Court Opinion

ID: 6878229
Source: CourtListenerOpinion
Date Created: 2022-07-23 21:10:52.407589+00
Date Added: 2024-06-11T16:05:32.123908
License: Public Domain

PATTERSON,
Circuit Judge (dissenting).
The right of a bondholder to bring a simple action at law on the promise of the obligor in the bond to pay him the principal amount at maturity is so absolute that to defeat the action the obligor must point to some provision in the contract which expressly or by ' necessary implication qualifies the right. “The commonlaw right of suing to judgment upon a written obligation admitted to be valid is of too high a character to be taken away by implications, especially if these are drawn from instruments other than that which is given in direct and positive acknowledgment of the debt.” Manning v. Norfolk Southern R. Co., C.C., 29 F. 838, 839. The provision relied on to qualify may be on the face of the bonds, or it may be in the mortgage and incorporated into the bonds by reference explicit enough to put the bondholder on plain notice of it; but in either case the intent to cut down the bondholder’s right to sue at law on the bond must be unmistakable: This is the law in New York, the place of performance of the covenant to pay, as well as generally elsewhere.
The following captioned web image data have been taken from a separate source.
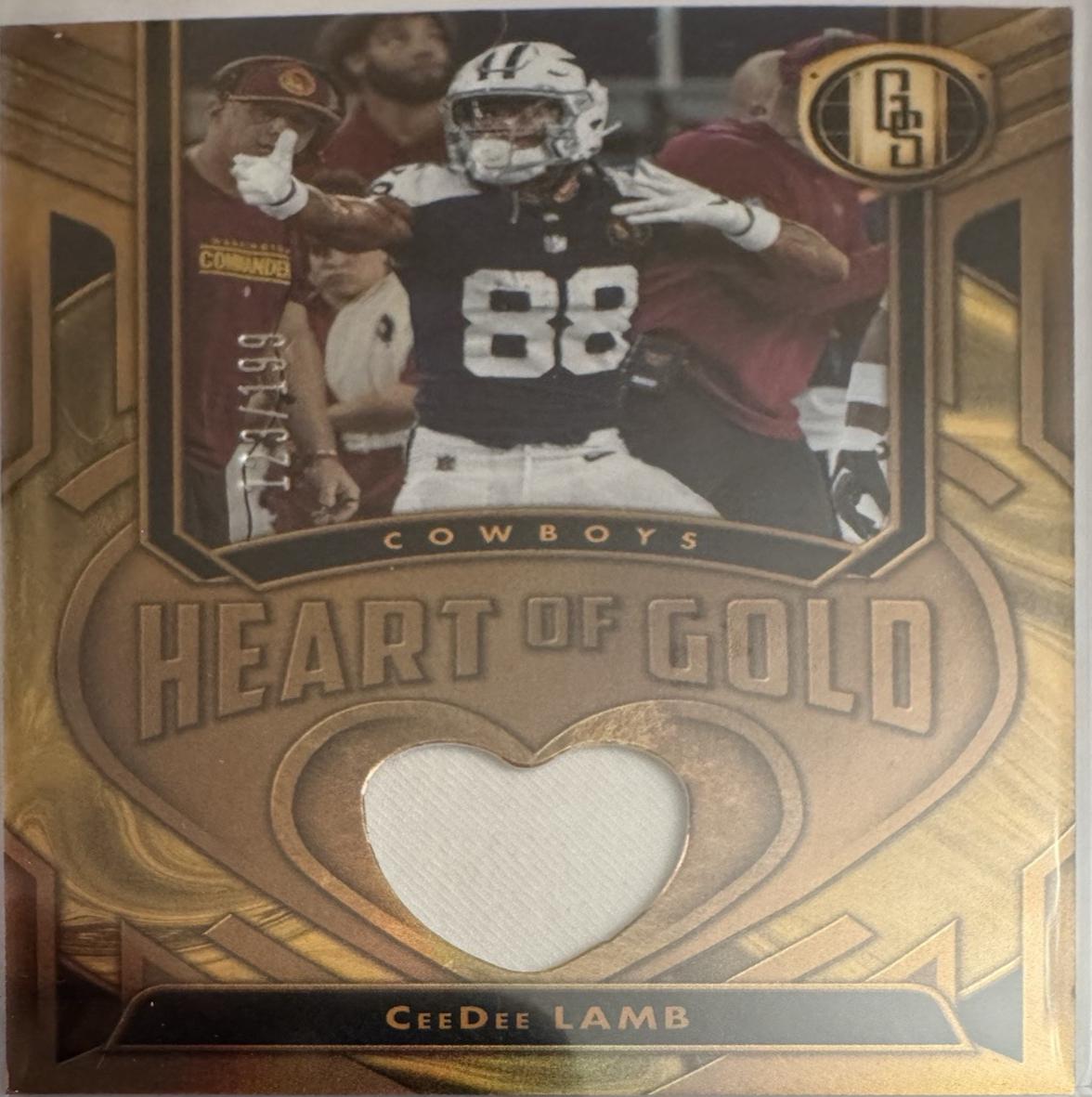 CeeDee Lamb #HOGT-CDL Football Cards 2024 Panini Gold Standard Heart of Gold Thread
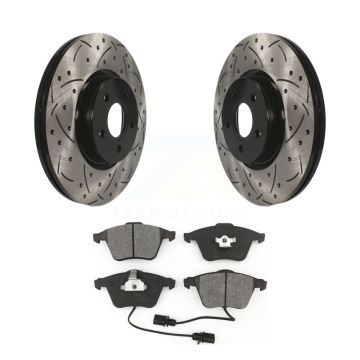 Front Coated Drilled Slotted Disc Brake Rotor Semi-Metallic Pad Kit For Volvo S40 V50 C70 KDS-100096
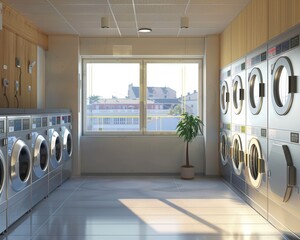 Wall Mural - Modern laundry room with a row of washing machines and a panoramic window, filled with natural light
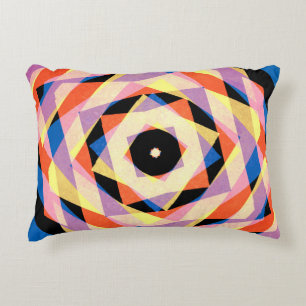 Mulicoloured striped diamond shapes backgroundjagg accent pillow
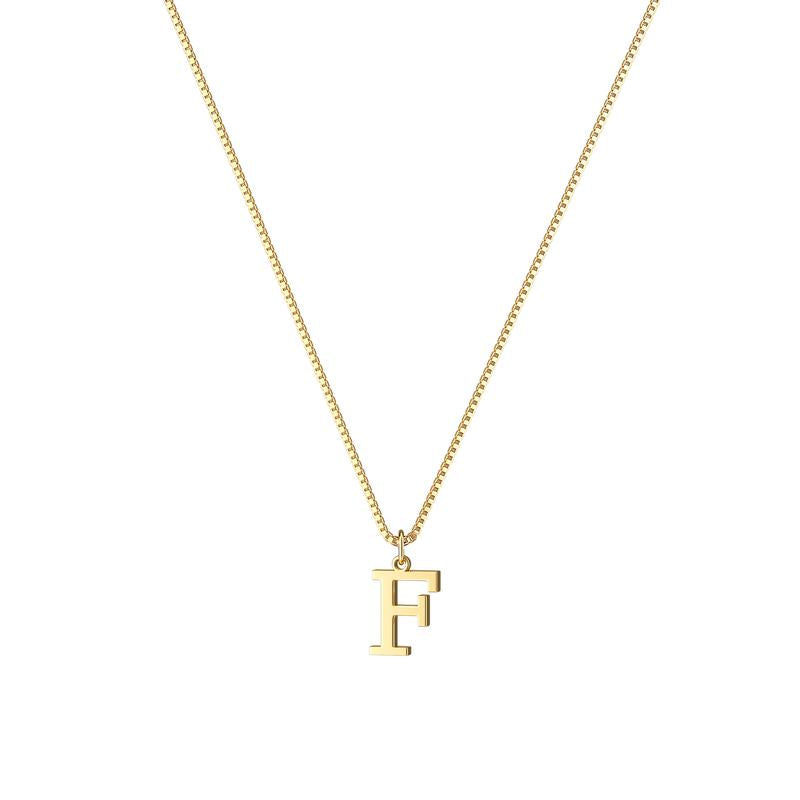 Dainty women's gold plated initial pendant, classic jewelry piece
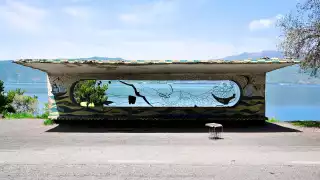 Armenian waterside bus stop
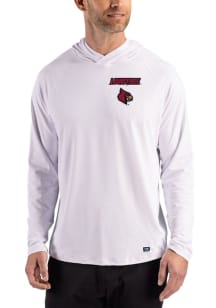 Cutter and Buck Louisville Cardinals Mens White Prospect Eco Long Sleeve Hoodie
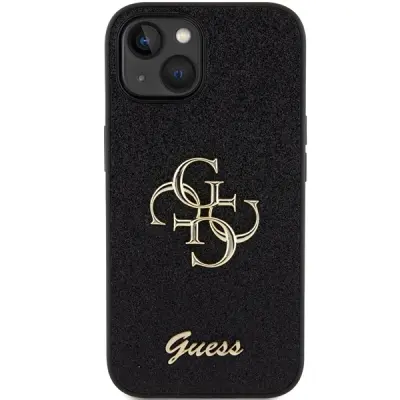 Guess zaščitni ovitek Glitter Script Big 4G Black, Iphone 15
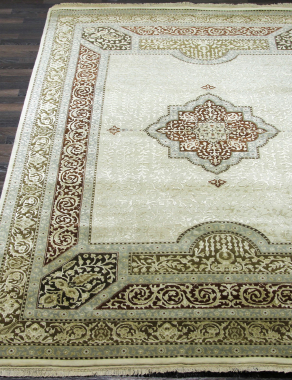 Индия шерсть шелк 14x14 - 867 - IVORY/RUST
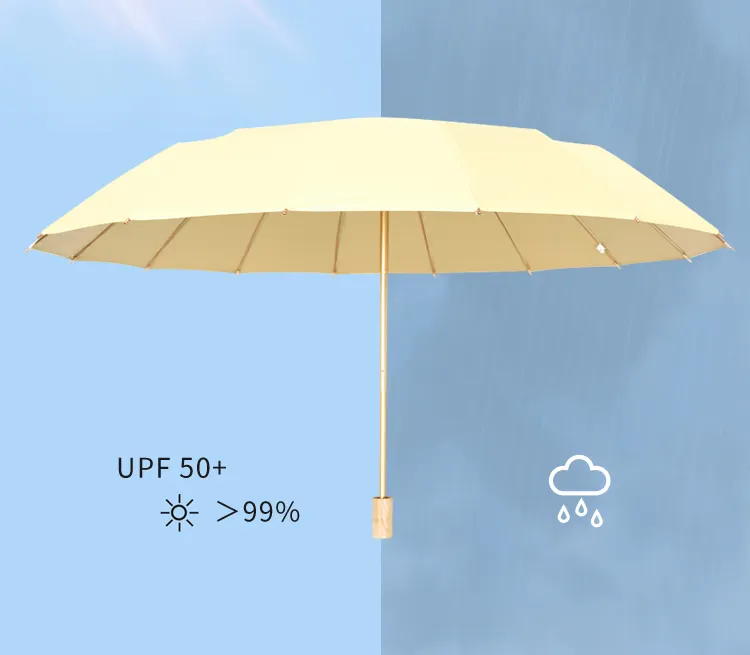Three fold manual open sun and rainy proof umbrella Fashion woman umbrella wholesale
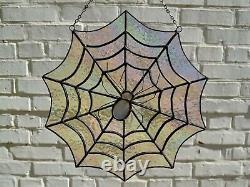 Iridescent Stained Glass Spiderweb Window Panel Suncatcher with a Spider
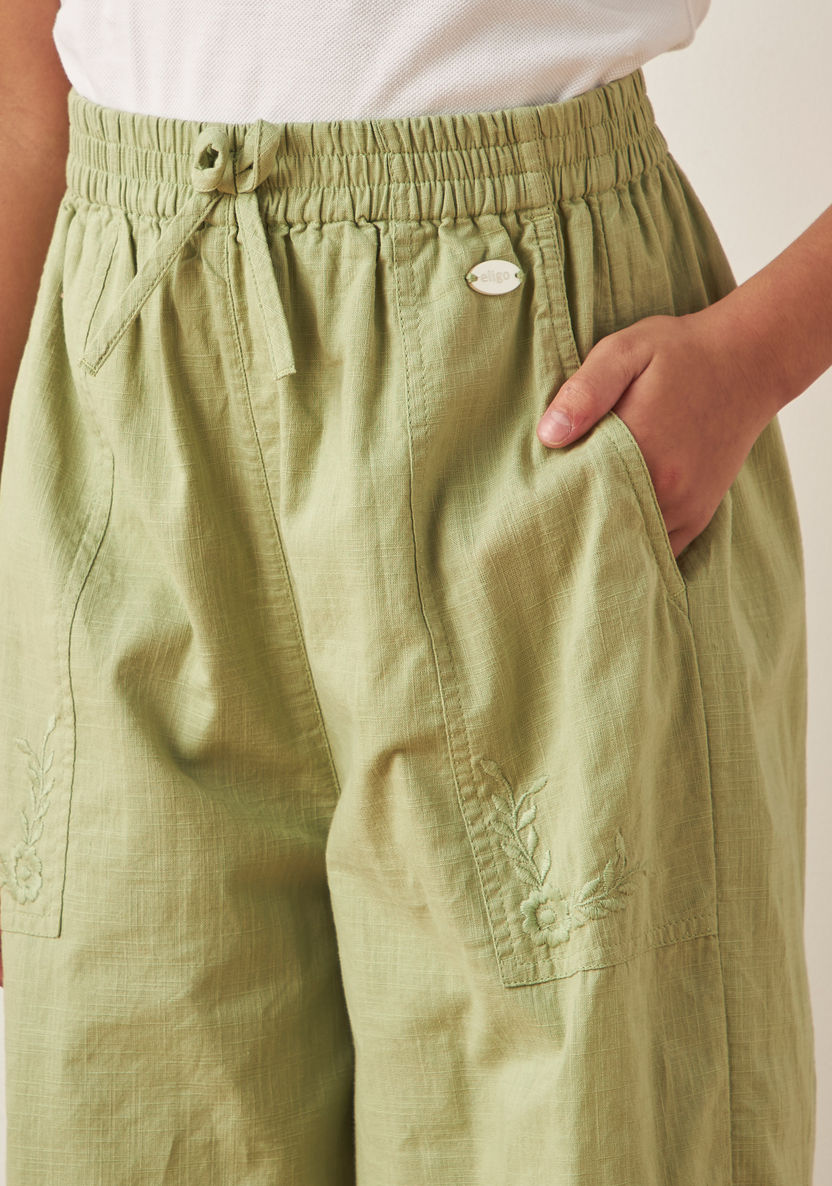 Eligo Embroidered Wide Leg Pants with Pockets and Elasticated Waistband-Pants-image-2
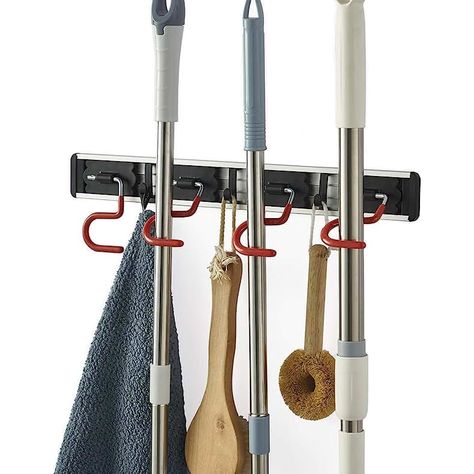 Amazon.com: Apartment Essentials Broom Rack, Mop And Broom Holder, Broom Hanger, Broom Closet, Mop Holder, Broom Holder, Stainless Steel Railing, Mops And Brooms, Studio Wall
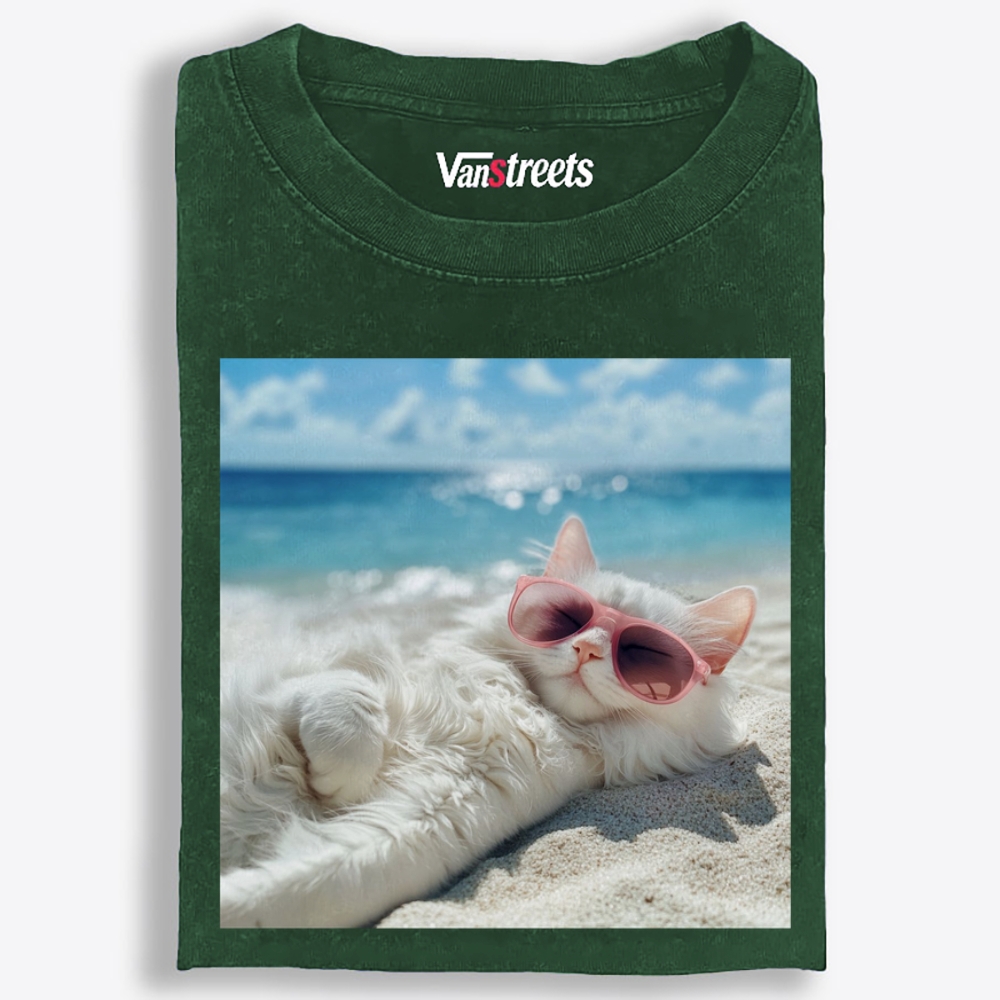 Lazy Beach Cat Sunbathing Washed T-Shirt | 100% Cotton | Streetwear Essential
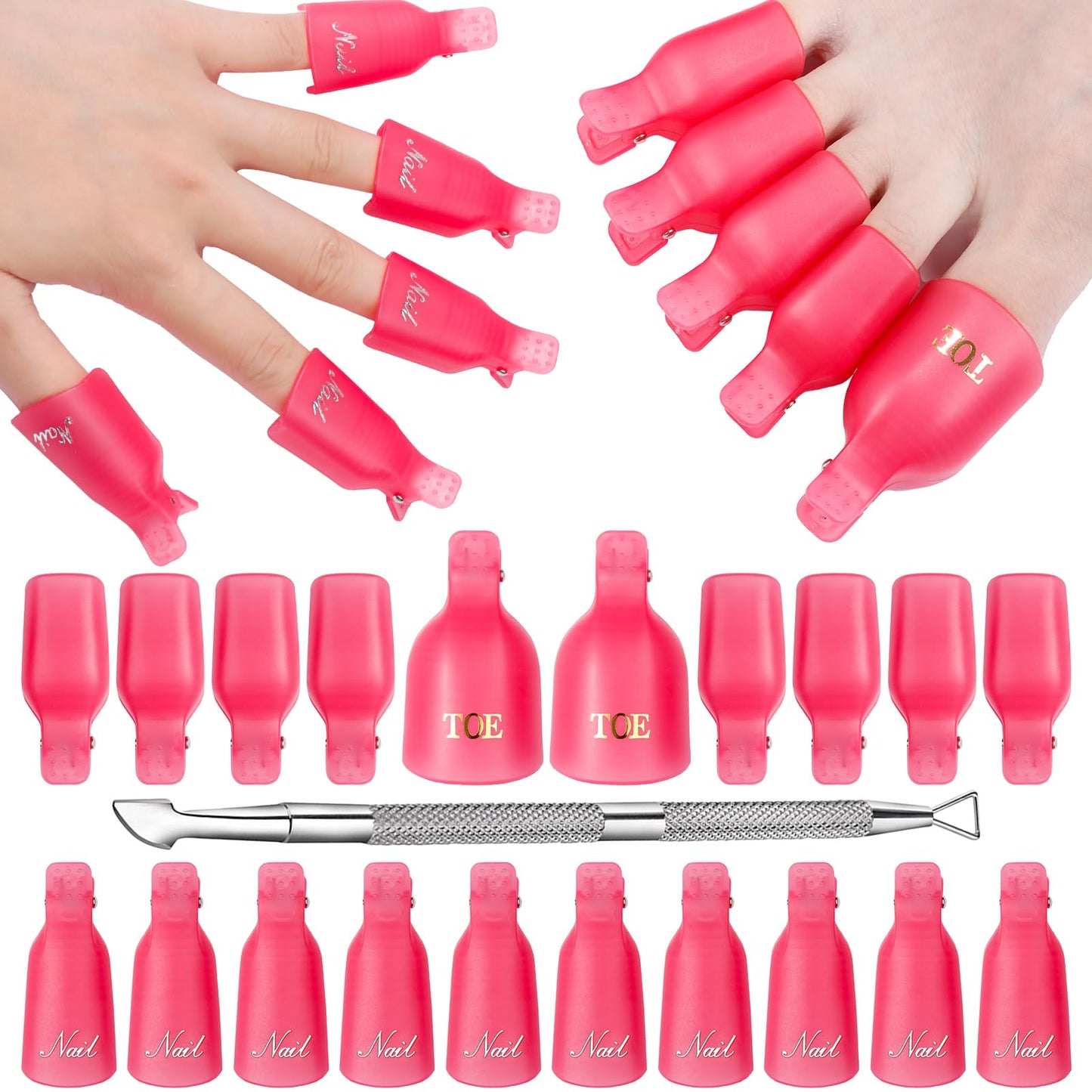 Makartt Gel Nail Polish Remover Clips Kit,With Double Ended Metal Cuticle Pusher,20 pcs Plastic Resuable Finger and Toe nail clips for removal Acrylic Nail Art Gel Polish Soak Off Cap Clip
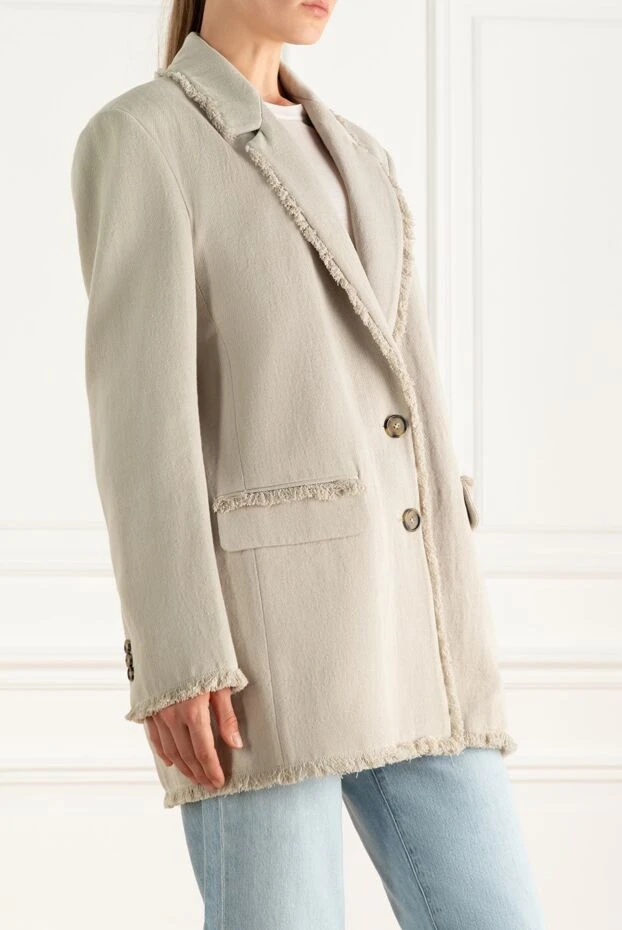 MSGM жакет из хлопка и льна бежевый женский 159687 - фото 3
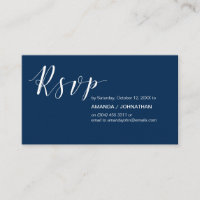 Party Invites RSVP, Modern Elegant Navy Blue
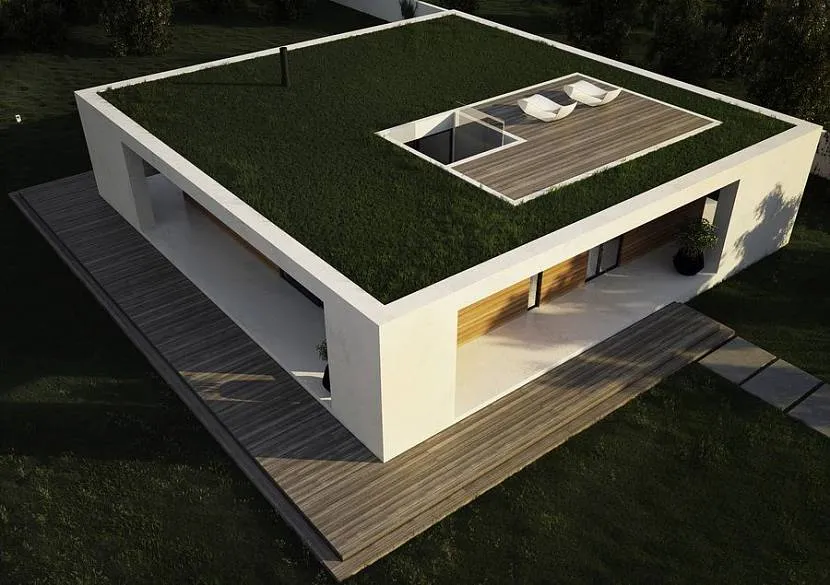 Prawidłowo wykonany dach pozwala urządzić na nim nawet trawnik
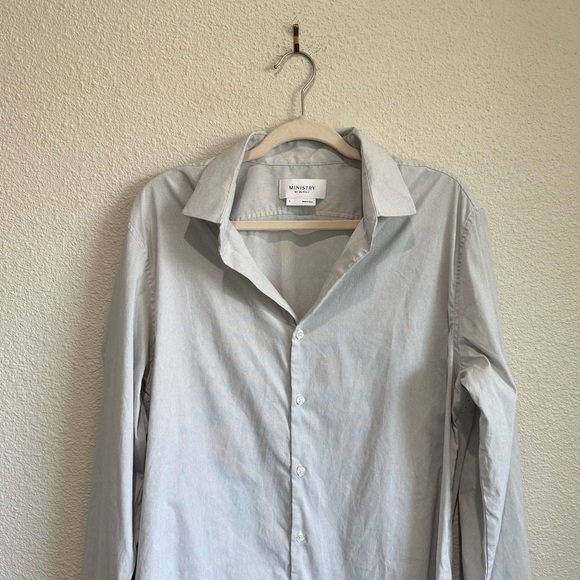 Ministry of Supply Shirt Mens Large Light Grey Long Sleeve Button Down Casual - Picture 2 of 10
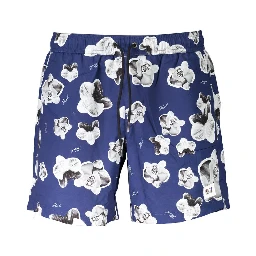Blue Polyester Swimwear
Enoch v. Brandon, 249 N.Y. 263, 164 N.E. 45; Cunningham v. Pressed Steel Car Co., 238 App.Div. 624, 265 N.Y.S. 256, affirmed, 263 N.Y. 671, 189 N.E. 750; Manning v. Norfolk Southern R. Co., supra; McClelland and Fisher, Law of Corporate Bond Issues, pp. 136, 697.
In the present case the bonds have no language which qualifies the bondholder’s right to sue on the bonds. They do, however, contain a clause that in case of default in payment of the bond, such consequences shall ensue as are prpvided in the mortgage securing their payment. This clause, I agree, sufficed to put a bondholder on notice that his right to sue for breach of the promise to pay might be restricted by provisions in the mortgage. Batchelder v. Council Grove Water Co., 131 N.Y. 42, 29 N.E. 801. The question then is whether any such provision can be found in the mortgage. The only provision that purports to restrict suit by bondholders is this: “Every holder of the bonds secured hereby accepts the same subject to the express understanding and agreement that every right of action, whether at law or in equity, upon or under this instrument, is vested exclusively in the Trustee; and under no circumstances shall the holder of any bond or coupon,, or any number of such holders, have any right to institute any action at law upon any coupon or coupons, or otherwise, or any suit or proceedings in equity, or otherwise, for the purpose of enforcing any payment, covenant or remedy herein or in said bonds or coupons contained, or to foreclose this mortgage, except in case of .refusal on the part of the Trustee to perform any duty imposed on it by this instrument in respect of such payment, covenant, remedy or foreclosure * * * after demand * * * ”,
The first clause plainly has to do only with actions to enforce the mortgage. In the second clause there is an express restriction against bondholders in respect to actions at law on coupons and also in respect to ‘suits- in equity to enforce any payment, covenant or remedy in the bonds, coupons or mortgage. There is no express restriction against a bondholder bringing an action at law on the bond. The appellant’s argument is that the words “or otherwise”, after the words “coupon or- coupons”, must be taken as forbidding an action at law on the-bonds. The import of the words “or otherwise” is not plain. It is arguable that they were meant to restrict actions at law on the bonds; if so, the idea was most ■ awkwardly expressed. In any event, the clause contains no language expressly or by unavoidable implication restraining a bondholder from bringing action at law on the bonds. In the absence of plain language the clause may not be given the effect claimed for it by the appellant. I am of opinion that the decision of the district court was right and that the judgment should be affirmed.